Scientists discover hidden army of lung flu fighters

Scientists have long viewed the fluid-filled sac around our lungs as simply a cushion against external damage. It turns out it also harbors potent virus-eating cells that rush into the lungs during flu infections.

Not to be confused with phages, which are viruses that infect bacteria, these cells are macrophages, immune cells produced in the body.

“The name macrophage means “big eater”. “They gobble up bacteria, viruses, cancer cells and dying cells. Really, anything that seems foreign, they absorb and destroy it,” said Juliet Morrison, a virologist at UC Riverside, who led the discovery team. “We were surprised to find them in the lungs because no one had seen this before, that these cells get into the lungs when there is an infection.”

An article published in the Proceedings of the National Academy of Sciences details how, during influenza infection, macrophages leave the outer cavity and enter the lungs where they decrease inflammation and reduce disease levels.

“This study shows that what matters is not just what happens in the lungs, but also what happens outside the lungs. Cell types that are not normally connected to the lungs may have impacts disproportionate on lung disease and health,” Morrison said.

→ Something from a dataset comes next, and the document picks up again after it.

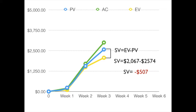Now, it may seem a little bit odd that we're saying that we have a variance in our schedule and we're not talking about days or weeks or months, but we're talking about dollars. Well, that's because of the way that we're doing the earned value analysis. This allows us to compare how well our dollars are basically moving the project ahead as far as the schedule goes.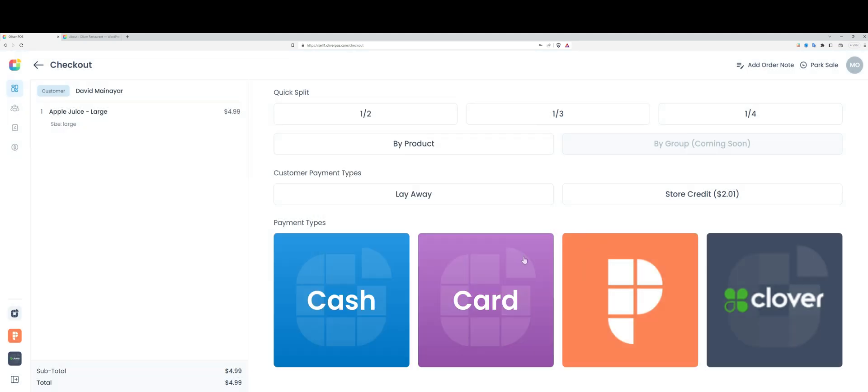The card option is for standalone terminals where I'm manually entering the transaction total. With Oliver Pay, this is an integrated payment option. It's the official payment solution that Oliver offers for omnichannel payments, both in-store and online.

There are three main cavities in the body: one around the heart, the abdominal cavity, and the pleural cavity surrounding the lungs. “Because it contains fluid, it prevents the lungs from collapsing. However, people have not given much thought to the fact that the pleural cavity is an organ in its own right. This research could change that perception,” he said. Morrison said.

First, the researchers sought to understand the more general question of what types of cells are present in the lungs during influenza infections. They took existing data on lung-related genes from studies of mice that died from the flu or survived. They then extracted the data using an algorithm to predict the types of cells that change in the lungs during infections.

“We took massive data and broke it down to determine what potential immune cells are in the lung tissue. That’s where I got the idea that maybe we had an external source of cells in the lungs previously unknown,” Morrison said.

Then, using a laser technique, the team tracked the macrophages entering the lungs of mice and observed what happened if these cells were removed from the equation. “When you take them out of the mouse, you see more lung disease and inflammation,” Morrison said.

Morrison says she hopes this study will encourage other scientists to reevaluate data sets from older studies. “Our approach was to take information that was already available and use it again, and we were able to see something new,” she said.

In the future, the research team hopes to determine which proteins “signal” macrophages to move to the lungs. Once the protein signals are identified, it may be possible to create drugs that would increase either the number of macrophages or their activity.

The strategy of boosting human defenses against infection, rather than developing another antiviral, could offer people a flu treatment that would be more effective for much longer. Morrison became interested in host therapies because resistance to antibiotics and antivirals is a growing problem.

This problem occurs when germs like bacteria and fungi develop the ability to defeat medications designed to kill them. Drug abuse and overuse accelerate the problem. According to the Centers for Disease Control and Prevention, more than 2.8 million drug-resistant infections occur each year in the United States, resulting in the deaths of more than 35,000 people.

“If we can strengthen what resolves the infection within us, we’ll probably have a better chance. We’re less likely to have resistance. The immune system is very complex, but it’s our best long-term bet to work with what we have rather than chasing viruses that continue to evade our treatments,” Morrison said.